- Associated Press - Thursday, September 11, 2014

DETROIT (AP) - In an expected move, officials with Michigan’s Natural Resources Commission confirmed Thursday there won’t be a gray wolf hunt this year.

Commissioner John Matonich said at a meeting in Lansing that the commission lacks the authority to set another hunt. The seven-member panel appointed by the governor is awaiting results of two referendums on the November ballot aimed at repealing legislation making the wolf a game species and giving the panel the authority to make such designations.

A third, citizen-initiated measure overriding the referendums and backing the wolf hunt was approved by lawmakers last month, but it won’t take effect until March.

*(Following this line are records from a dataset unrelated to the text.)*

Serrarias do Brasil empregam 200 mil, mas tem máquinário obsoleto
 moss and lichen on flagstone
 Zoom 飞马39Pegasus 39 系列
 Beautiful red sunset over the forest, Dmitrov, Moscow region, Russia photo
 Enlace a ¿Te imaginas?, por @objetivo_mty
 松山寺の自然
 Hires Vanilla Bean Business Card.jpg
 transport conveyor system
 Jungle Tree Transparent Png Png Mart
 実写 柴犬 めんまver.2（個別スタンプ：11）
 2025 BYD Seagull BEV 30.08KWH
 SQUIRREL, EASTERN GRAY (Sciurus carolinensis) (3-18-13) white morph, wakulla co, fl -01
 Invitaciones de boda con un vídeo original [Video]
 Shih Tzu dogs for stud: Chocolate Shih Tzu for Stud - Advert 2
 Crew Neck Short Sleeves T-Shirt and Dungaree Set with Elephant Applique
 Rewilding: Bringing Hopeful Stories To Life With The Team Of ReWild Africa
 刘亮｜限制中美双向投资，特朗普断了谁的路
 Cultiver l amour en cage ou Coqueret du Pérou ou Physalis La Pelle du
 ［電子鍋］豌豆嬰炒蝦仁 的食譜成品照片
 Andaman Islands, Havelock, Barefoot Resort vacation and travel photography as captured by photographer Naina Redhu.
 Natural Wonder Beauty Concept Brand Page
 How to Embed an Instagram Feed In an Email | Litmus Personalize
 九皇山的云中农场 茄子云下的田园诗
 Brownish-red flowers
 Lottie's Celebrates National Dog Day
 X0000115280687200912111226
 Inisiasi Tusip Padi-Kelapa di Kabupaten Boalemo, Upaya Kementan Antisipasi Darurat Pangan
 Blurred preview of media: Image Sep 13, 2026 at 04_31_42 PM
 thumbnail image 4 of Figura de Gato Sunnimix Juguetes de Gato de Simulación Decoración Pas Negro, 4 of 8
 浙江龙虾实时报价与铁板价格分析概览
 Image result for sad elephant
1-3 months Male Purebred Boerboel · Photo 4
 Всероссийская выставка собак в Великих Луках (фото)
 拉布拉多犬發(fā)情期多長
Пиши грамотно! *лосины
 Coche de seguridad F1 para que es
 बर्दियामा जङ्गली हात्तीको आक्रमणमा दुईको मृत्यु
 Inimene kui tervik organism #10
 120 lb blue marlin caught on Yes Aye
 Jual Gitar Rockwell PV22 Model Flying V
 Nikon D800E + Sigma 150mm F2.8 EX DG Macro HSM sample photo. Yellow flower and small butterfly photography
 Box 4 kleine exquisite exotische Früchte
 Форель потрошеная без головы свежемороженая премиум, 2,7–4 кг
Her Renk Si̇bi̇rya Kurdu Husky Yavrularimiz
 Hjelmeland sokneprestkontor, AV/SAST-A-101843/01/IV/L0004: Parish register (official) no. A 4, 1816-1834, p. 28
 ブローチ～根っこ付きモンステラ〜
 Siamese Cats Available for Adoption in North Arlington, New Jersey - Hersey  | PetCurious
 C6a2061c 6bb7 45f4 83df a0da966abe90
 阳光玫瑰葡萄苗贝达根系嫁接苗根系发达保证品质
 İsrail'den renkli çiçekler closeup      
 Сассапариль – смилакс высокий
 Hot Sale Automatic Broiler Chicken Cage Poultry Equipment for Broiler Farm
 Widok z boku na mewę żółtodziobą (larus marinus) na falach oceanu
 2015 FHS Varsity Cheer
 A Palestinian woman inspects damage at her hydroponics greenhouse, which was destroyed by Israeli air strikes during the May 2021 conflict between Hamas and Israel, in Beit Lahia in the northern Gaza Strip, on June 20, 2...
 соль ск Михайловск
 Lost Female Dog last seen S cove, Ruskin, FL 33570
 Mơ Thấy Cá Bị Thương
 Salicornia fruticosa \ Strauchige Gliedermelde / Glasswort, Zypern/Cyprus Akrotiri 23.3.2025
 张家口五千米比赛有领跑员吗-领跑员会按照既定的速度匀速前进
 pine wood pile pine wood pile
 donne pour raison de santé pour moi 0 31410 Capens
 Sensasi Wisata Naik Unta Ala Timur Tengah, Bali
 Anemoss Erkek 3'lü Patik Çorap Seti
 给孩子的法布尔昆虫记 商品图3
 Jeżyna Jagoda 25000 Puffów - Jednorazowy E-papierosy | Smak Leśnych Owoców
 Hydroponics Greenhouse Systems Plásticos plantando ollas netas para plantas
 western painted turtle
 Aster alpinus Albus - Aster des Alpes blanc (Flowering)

Matonich said he asked the Department of Natural Resources to update the state’s Wolf Management Plan and review statistics related to the killing of dogs and cattle by wolves.

The DNR, which advises the commission, has argued in favor of tightly regulated wolf hunts.

The battle over the hunt began in 2012, when the combined gray wolf population of Michigan, Minnesota and Wisconsin was dropped from the federal endangered species list. The wolves had bounced back strongly after disappearing from most of the Great Lakes region in the last century.

With federal protections removed, each state was put in charge of managing its wolves. Minnesota and Wisconsin have moved forward with hunts. The Michigan Legislature followed with the hunt-enabling laws in 2012 and 2013.

Opponents gathered enough petition signatures to put both the measures on the ballot this fall. But they weren’t able to prevent the commission from permitting a hunt last year, during which 22 wolves were killed. The Department of Natural Resources in April estimated the population at 636.

Even if voters repeal the earlier laws, the measure approved in August will remain in effect.